In a recent, superb and chilling analysis in the Wall Street Journal of the European response to the Syrian migrant crisis, Walter Russell Mead says “At bottom, we are witnessing the consequences of a civilization’s failure either to overcome or to accommodate the forces of modernity. One hundred years after the fall of the Ottoman Empire and 50 years after the French left Algeria, the Middle East has failed to build economies that allow ordinary people to live with dignity, has failed to build modern political institutions and has failed to carve out the place of honor and respect in world affairs that its peoples seek. There is no point in rehearsing the multiple failures since Britain’s defeat of the Ottoman Empire liberated the Arabs from hundreds of years of Turkish rule. But it is worth noting that the Arab world has tried a succession of ideologies and forms of government, and that none of them has worked. The liberal nationalism of the early 20th century failed, and so did the socialist nationalism of Egypt’s Gamal Abdel Nasser and his contemporaries. Authoritarianism failed the Arabs too… Today we are watching the failure of Islamism.”
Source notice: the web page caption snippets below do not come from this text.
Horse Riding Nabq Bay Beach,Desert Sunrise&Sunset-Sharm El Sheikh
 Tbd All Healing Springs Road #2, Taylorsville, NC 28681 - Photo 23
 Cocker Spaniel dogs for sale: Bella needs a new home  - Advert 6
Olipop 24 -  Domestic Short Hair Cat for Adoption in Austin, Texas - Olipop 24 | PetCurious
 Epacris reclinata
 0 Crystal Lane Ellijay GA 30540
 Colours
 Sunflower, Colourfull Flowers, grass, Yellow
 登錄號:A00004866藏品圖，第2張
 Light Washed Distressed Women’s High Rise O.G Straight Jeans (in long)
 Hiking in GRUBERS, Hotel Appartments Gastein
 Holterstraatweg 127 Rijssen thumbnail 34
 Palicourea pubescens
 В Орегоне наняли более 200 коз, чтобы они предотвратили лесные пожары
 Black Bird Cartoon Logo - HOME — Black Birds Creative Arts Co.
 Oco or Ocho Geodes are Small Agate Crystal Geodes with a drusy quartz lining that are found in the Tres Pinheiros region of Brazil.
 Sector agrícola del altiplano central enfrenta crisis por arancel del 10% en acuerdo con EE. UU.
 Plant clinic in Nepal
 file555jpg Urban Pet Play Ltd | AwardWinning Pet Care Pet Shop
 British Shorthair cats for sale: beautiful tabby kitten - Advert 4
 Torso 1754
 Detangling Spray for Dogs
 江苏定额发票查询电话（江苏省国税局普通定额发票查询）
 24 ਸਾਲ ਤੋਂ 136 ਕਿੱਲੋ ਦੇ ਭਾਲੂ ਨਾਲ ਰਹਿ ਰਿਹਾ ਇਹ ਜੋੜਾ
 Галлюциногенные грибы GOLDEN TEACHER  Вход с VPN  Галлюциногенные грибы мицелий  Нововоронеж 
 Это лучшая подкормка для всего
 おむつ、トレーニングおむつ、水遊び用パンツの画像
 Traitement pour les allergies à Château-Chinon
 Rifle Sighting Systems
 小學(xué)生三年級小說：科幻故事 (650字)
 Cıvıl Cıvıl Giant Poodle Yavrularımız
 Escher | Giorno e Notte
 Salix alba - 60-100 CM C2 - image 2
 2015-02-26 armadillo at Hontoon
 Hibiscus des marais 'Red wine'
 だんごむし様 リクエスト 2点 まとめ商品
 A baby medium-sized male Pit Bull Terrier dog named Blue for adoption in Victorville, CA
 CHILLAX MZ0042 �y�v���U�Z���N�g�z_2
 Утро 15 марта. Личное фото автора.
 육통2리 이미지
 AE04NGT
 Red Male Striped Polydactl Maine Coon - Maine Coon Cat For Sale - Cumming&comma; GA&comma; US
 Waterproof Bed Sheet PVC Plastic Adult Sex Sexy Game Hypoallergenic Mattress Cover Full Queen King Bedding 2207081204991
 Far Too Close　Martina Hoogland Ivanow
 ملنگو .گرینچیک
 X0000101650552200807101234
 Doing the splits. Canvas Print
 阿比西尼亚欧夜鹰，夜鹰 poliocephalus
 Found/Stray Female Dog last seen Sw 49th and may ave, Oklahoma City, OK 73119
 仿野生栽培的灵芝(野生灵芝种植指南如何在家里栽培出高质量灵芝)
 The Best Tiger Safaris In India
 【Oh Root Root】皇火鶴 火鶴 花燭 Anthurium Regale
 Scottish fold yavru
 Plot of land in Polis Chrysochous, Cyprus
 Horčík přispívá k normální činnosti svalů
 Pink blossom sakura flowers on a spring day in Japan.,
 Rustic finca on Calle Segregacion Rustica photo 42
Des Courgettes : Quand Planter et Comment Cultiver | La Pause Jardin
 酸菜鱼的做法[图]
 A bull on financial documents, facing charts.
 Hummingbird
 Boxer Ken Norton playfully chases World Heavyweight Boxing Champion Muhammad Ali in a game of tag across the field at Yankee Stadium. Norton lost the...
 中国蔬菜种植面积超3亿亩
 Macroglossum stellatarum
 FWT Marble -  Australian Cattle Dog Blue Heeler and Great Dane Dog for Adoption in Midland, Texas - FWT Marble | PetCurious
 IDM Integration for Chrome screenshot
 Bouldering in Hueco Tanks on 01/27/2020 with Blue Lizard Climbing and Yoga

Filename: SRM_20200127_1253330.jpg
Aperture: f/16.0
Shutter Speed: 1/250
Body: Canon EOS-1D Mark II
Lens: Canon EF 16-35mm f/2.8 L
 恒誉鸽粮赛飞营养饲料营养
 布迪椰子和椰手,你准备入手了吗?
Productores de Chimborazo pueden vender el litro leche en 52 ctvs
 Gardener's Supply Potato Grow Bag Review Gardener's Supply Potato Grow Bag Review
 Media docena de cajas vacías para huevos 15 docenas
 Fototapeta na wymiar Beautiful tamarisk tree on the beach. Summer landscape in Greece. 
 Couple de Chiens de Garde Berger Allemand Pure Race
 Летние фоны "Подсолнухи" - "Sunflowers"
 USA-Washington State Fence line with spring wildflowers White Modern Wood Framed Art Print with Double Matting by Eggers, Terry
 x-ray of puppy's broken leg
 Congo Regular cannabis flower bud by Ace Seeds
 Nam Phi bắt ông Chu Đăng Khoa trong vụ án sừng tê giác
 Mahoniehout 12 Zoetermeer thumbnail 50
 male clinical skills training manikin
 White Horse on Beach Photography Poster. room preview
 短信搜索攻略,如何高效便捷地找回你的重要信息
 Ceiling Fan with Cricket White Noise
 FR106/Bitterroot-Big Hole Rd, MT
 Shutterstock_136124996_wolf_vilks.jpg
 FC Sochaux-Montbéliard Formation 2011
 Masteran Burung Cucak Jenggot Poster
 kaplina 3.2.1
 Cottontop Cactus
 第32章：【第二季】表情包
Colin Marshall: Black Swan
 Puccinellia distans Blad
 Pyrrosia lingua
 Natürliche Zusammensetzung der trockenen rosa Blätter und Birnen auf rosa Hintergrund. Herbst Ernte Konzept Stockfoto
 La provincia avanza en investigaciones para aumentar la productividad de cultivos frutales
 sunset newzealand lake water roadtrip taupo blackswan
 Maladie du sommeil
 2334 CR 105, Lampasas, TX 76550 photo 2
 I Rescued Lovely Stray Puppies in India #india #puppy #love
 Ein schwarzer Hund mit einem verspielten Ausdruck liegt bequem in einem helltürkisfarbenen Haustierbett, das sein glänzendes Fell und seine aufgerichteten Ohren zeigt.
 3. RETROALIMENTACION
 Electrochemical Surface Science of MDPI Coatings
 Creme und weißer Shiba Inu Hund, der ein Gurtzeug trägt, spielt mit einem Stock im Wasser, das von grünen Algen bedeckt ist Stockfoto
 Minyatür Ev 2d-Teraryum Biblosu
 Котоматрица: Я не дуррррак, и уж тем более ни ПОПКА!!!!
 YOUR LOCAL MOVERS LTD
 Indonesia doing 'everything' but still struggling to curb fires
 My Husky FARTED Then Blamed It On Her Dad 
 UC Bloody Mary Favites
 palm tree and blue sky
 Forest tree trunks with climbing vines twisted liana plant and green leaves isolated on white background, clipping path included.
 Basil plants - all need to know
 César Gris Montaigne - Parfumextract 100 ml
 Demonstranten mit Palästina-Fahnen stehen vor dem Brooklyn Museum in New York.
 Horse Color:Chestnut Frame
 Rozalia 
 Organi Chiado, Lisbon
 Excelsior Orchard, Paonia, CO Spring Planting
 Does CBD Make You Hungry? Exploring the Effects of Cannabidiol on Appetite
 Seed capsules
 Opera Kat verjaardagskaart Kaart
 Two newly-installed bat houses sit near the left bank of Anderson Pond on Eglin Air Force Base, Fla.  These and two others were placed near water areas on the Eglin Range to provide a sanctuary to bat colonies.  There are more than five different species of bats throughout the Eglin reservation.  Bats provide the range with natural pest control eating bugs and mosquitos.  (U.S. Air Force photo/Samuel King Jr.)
He goes on to suggest, disturbingly, that Europe is now rejecting its own core values: “Increasingly, the contemporary version of Enlightenment liberalism sees itself as fundamentally opposed to the religious, political and economic foundations of Western society.” But Europe’s problems, and those of North America, are an issue for another day. What is noteworthy about the Iran-Iraq war is that, based on very different philosophies, each mounted a feeble but persistent and brutal war effort of such equal ineptitude that, coupled with the equally murderous belligerence of both regimes, meant the slaughter went on for eight years without useful result, and as soon as it was done both turned to other ways of causing turmoil and death wherever their bloody hands could reach. Clearly both philosophies were dramatic failures and, despite their ostensible differences, failures in very similar ways.

Because the national socialist alternative has exhausted itself, Islamism is the dominant anti-Western reform movement in the Middle East, seeking to move the Arab world back to an imagined era of purity instead of forward to one. But it can’t work either.

The proclamation of a jihad by Sultan Mehmet V now sounds like something out of a John Buchan novel (Greenmantle, specifically). But a century later, it’s happening again, as the region turns in a bloody and futile circle, unable to defeat the West and unwilling to embrace it.